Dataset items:
══════════════════════════════

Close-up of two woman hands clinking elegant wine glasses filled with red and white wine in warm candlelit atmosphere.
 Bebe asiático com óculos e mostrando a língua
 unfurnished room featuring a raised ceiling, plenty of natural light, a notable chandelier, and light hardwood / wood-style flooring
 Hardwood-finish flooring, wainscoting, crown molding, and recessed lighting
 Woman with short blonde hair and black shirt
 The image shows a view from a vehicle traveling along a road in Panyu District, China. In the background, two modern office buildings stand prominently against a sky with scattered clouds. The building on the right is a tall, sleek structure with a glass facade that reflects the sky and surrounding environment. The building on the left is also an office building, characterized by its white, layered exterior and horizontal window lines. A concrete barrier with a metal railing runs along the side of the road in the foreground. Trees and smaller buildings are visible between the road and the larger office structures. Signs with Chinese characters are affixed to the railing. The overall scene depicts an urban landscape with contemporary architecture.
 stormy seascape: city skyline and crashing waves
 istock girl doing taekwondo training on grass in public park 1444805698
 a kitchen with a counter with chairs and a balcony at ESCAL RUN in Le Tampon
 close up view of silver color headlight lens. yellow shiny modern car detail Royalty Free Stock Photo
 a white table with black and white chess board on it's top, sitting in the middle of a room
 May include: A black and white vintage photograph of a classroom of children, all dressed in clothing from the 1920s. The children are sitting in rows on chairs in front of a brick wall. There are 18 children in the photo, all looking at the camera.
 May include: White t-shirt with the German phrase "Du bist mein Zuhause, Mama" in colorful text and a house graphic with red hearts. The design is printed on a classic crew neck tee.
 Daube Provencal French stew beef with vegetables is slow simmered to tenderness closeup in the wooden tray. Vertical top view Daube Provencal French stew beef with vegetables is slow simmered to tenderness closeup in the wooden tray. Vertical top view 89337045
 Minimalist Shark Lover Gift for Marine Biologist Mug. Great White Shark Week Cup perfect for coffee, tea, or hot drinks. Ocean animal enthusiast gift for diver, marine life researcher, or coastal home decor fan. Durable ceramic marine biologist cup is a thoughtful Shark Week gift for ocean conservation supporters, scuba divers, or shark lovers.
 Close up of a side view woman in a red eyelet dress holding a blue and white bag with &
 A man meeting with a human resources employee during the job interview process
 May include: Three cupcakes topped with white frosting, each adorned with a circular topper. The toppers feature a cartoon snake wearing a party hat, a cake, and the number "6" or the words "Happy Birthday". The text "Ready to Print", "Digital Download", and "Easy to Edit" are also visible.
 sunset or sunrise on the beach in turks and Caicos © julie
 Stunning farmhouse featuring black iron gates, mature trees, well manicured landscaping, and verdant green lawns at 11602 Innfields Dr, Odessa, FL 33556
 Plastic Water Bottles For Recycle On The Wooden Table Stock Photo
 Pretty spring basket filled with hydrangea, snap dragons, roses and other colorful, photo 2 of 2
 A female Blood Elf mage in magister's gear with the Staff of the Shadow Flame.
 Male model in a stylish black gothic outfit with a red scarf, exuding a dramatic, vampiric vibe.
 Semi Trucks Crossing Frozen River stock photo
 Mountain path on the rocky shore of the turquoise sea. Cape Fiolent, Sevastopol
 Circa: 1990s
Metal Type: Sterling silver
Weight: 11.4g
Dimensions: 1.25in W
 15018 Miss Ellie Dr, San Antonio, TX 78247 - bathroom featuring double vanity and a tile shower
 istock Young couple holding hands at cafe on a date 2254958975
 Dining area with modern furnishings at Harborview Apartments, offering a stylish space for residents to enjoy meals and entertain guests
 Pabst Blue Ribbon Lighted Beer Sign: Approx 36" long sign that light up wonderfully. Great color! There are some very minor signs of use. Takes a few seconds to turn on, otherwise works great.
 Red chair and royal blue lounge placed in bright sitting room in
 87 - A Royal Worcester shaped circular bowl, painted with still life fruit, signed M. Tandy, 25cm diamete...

══════════════════════════════

— Exercise brief —
Set down the data exactly.

— Your solution —
Close-up of two woman hands clinking elegant wine glasses filled with red and white wine in warm candlelit atmosphere.
 Bebe asiático com óculos e mostrando a língua
 unfurnished room featuring a raised ceiling, plenty of natural light, a notable chandelier, and light hardwood / wood-style flooring
 Hardwood-finish flooring, wainscoting, crown molding, and recessed lighting
 Woman with short blonde hair and black shirt
 The image shows a view from a vehicle traveling along a road in Panyu District, China. In the background, two modern office buildings stand prominently against a sky with scattered clouds. The building on the right is a tall, sleek structure with a glass facade that reflects the sky and surrounding environment. The building on the left is also an office building, characterized by its white, layered exterior and horizontal window lines. A concrete barrier with a metal railing runs along the side of the road in the foreground. Trees and smaller buildings are visible between the road and the larger office structures. Signs with Chinese characters are affixed to the railing. The overall scene depicts an urban landscape with contemporary architecture.
 stormy seascape: city skyline and crashing waves
 istock girl doing taekwondo training on grass in public park 1444805698
 a kitchen with a counter with chairs and a balcony at ESCAL RUN in Le Tampon
 close up view of silver color headlight lens. yellow shiny modern car detail Royalty Free Stock Photo
 a white table with black and white chess board on it's top, sitting in the middle of a room
 May include: A black and white vintage photograph of a classroom of children, all dressed in clothing from the 1920s. The children are sitting in rows on chairs in front of a brick wall. There are 18 children in the photo, all looking at the camera.
 May include: White t-shirt with the German phrase "Du bist mein Zuhause, Mama" in colorful text and a house graphic with red hearts. The design is printed on a classic crew neck tee.
 Daube Provencal French stew beef with vegetables is slow simmered to tenderness closeup in the wooden tray. Vertical top view Daube Provencal French stew beef with vegetables is slow simmered to tenderness closeup in the wooden tray. Vertical top view 89337045
 Minimalist Shark Lover Gift for Marine Biologist Mug. Great White Shark Week Cup perfect for coffee, tea, or hot drinks. Ocean animal enthusiast gift for diver, marine life researcher, or coastal home decor fan. Durable ceramic marine biologist cup is a thoughtful Shark Week gift for ocean conservation supporters, scuba divers, or shark lovers.
 Close up of a side view woman in a red eyelet dress holding a blue and white bag with &
 A man meeting with a human resources employee during the job interview process
 May include: Three cupcakes topped with white frosting, each adorned with a circular topper. The toppers feature a cartoon snake wearing a party hat, a cake, and the number "6" or the words "Happy Birthday". The text "Ready to Print", "Digital Download", and "Easy to Edit" are also visible.
 sunset or sunrise on the beach in turks and Caicos © julie
 Stunning farmhouse featuring black iron gates, mature trees, well manicured landscaping, and verdant green lawns at 11602 Innfields Dr, Odessa, FL 33556
 Plastic Water Bottles For Recycle On The Wooden Table Stock Photo
 Pretty spring basket filled with hydrangea, snap dragons, roses and other colorful, photo 2 of 2
 A female Blood Elf mage in magister's gear with the Staff of the Shadow Flame.
 Male model in a stylish black gothic outfit with a red scarf, exuding a dramatic, vampiric vibe.
 Semi Trucks Crossing Frozen River stock photo
 Mountain path on the rocky shore of the turquoise sea. Cape Fiolent, Sevastopol
 Circa: 1990s
Metal Type: Sterling silver
Weight: 11.4g
Dimensions: 1.25in W
 15018 Miss Ellie Dr, San Antonio, TX 78247 - bathroom featuring double vanity and a tile shower
 istock Young couple holding hands at cafe on a date 2254958975
 Dining area with modern furnishings at Harborview Apartments, offering a stylish space for residents to enjoy meals and entertain guests
 Pabst Blue Ribbon Lighted Beer Sign: Approx 36" long sign that light up wonderfully. Great color! There are some very minor signs of use. Takes a few seconds to turn on, otherwise works great.
 Red chair and royal blue lounge placed in bright sitting room in
 87 - A Royal Worcester shaped circular bowl, painted with still life fruit, signed M. Tandy, 25cm diamete...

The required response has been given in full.